### Data to process

------------------------------

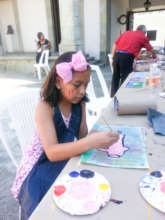 Girl in our Art and Cultural History workshop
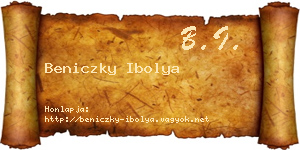 Beniczky Ibolya névjegykártya
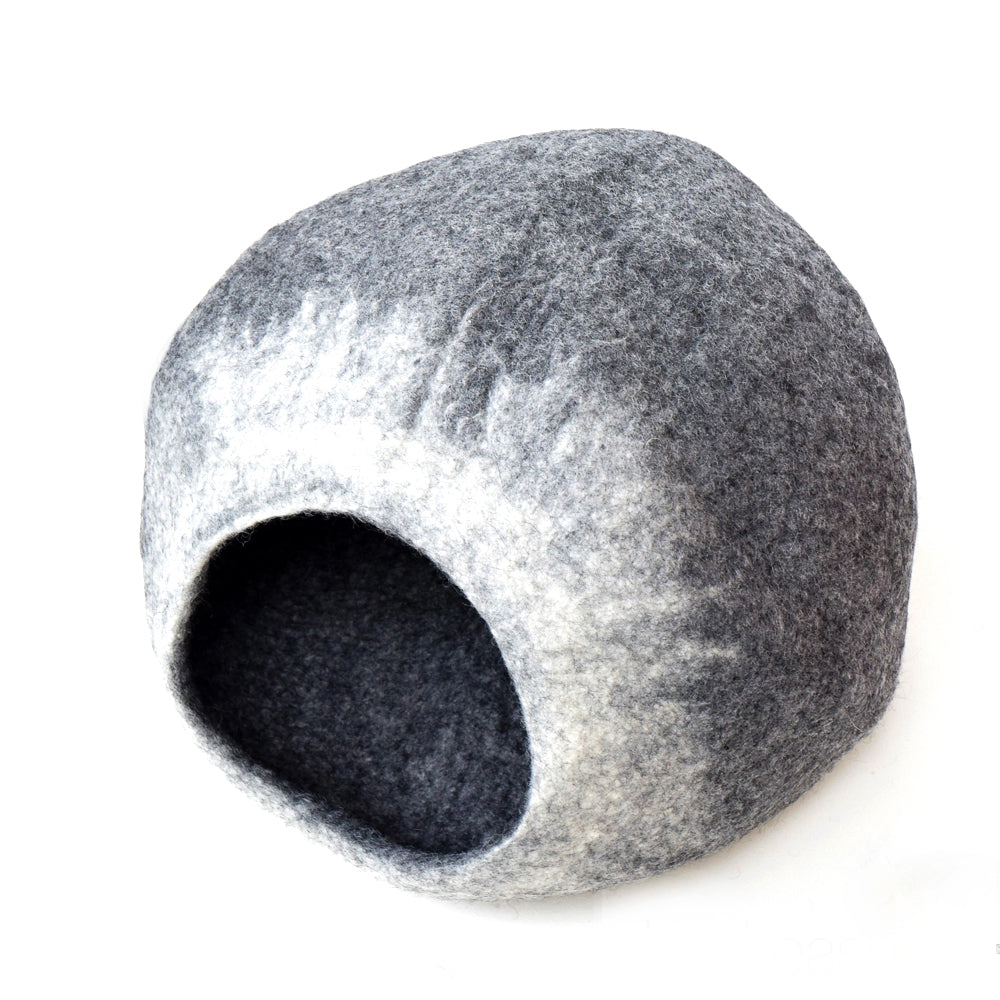 Cat Cave - White Grey Ombre Cocoon - Tara Treasures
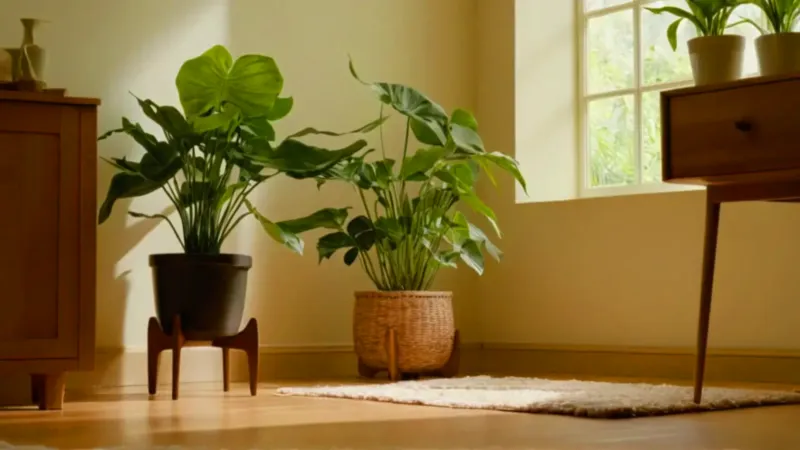 Alguien cuida su planta en casa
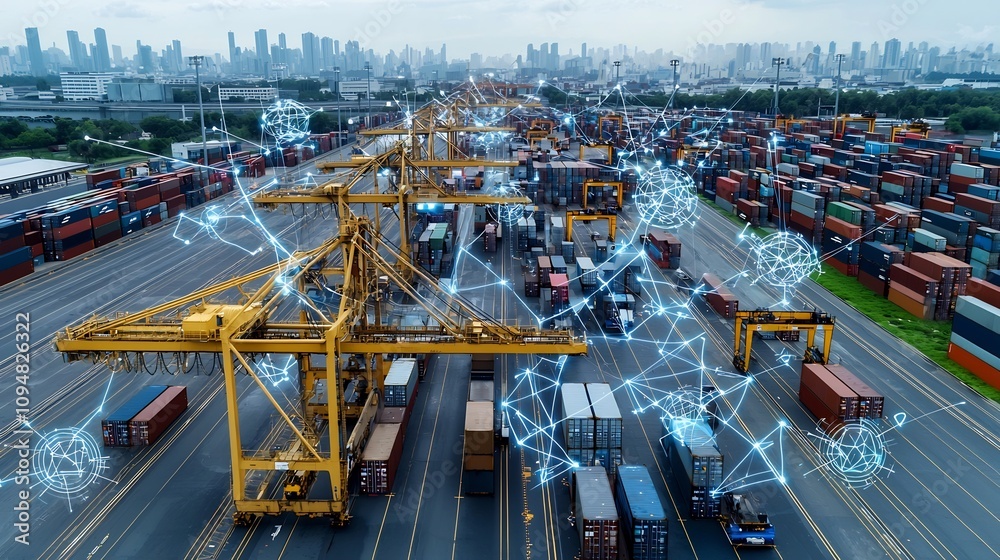 Poster Aerial perspective showcasing a busy port with towering cranes and stacked cargo containers connected through a futuristic digital network of global business nodes and tools in a sleek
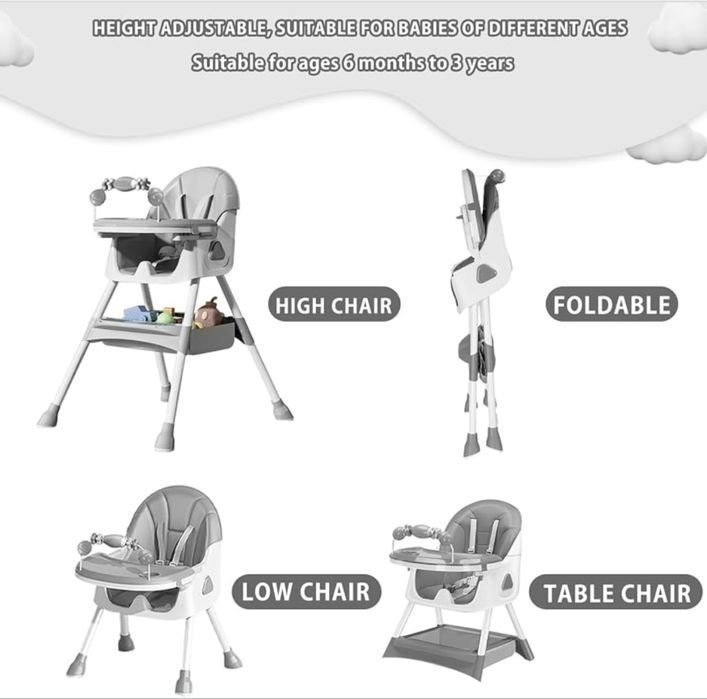 Krzesełko do karmienia UBRAVOO 3 w 1, składane, przenośne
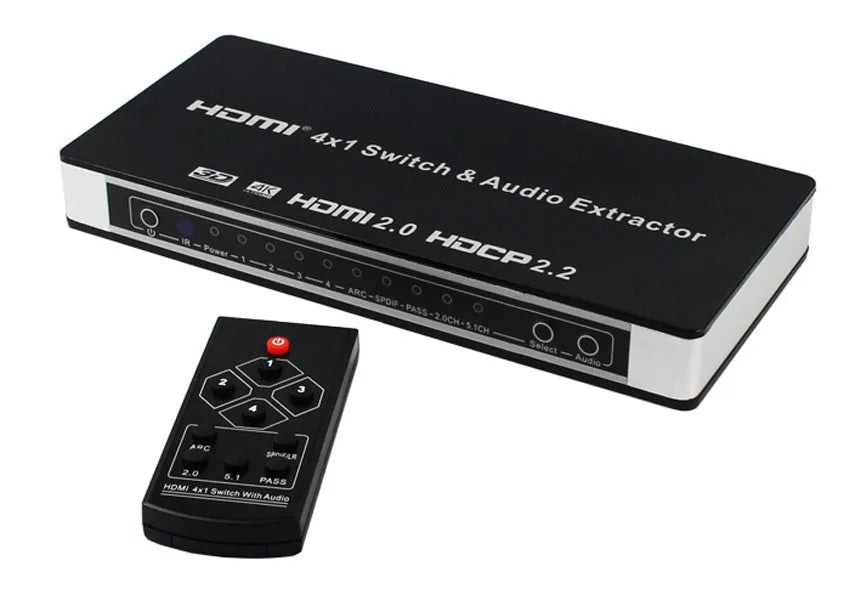 Black HDMI audio switch with remote control for 4 input 1 output video switching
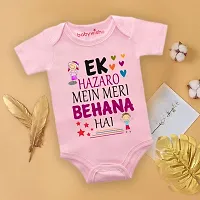 baby wish Baby Bodysuits Newborn Romper Half Sleeve Unisex Onesies Pink Romper EK HAZARO MEIN MERI BEHANA HAI -thumb1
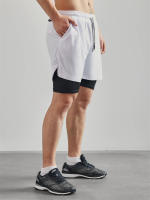 Shorts De Entrenamiento Para Hombres Con Estampado Cristianos 2 En 1 Para Correr Y Gimnasio Con Bolsillo Para Teléfono Y Anillo De Toalla - details 8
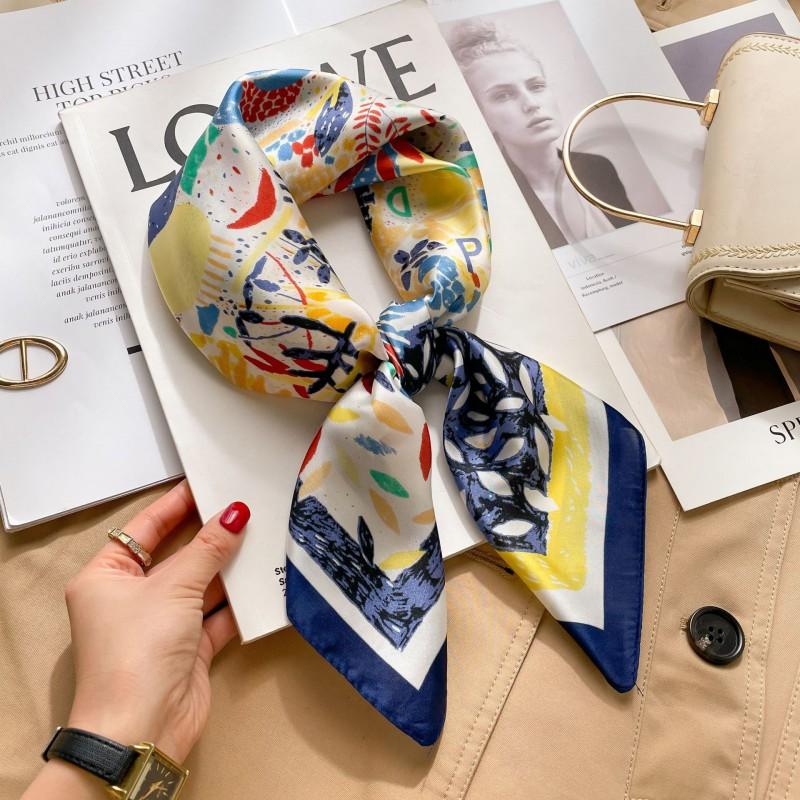 Elegant Silk-Like Square Scarf Women Korean Style Print Neck Lightweight 70x70cm Nylon Fashion Accessory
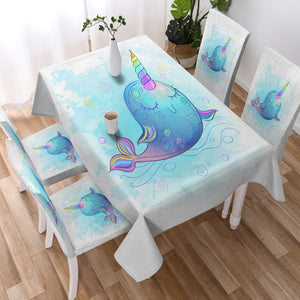 Cute Cartoon Unicorn Whale SWZB4285 Waterproof Tablecloth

------------------------------

### Exercise instructions
Going by the data above, the answer is exactly the lines from the one holding "Black HDMI audio" to the one holding "Shorts De Entrenamiento", both kept, with the pictures left out.

### Expected answer
 Black HDMI audio switch with remote control for 4 input 1 output video switching
 baby wish Baby Bodysuits Newborn Romper Half Sleeve Unisex Onesies Pink Romper EK HAZARO MEIN MERI BEHANA HAI -thumb1
 Shorts De Entrenamiento Para Hombres Con Estampado Cristianos 2 En 1 Para Correr Y Gimnasio Con Bolsillo Para Teléfono Y Anillo De Toalla - details 8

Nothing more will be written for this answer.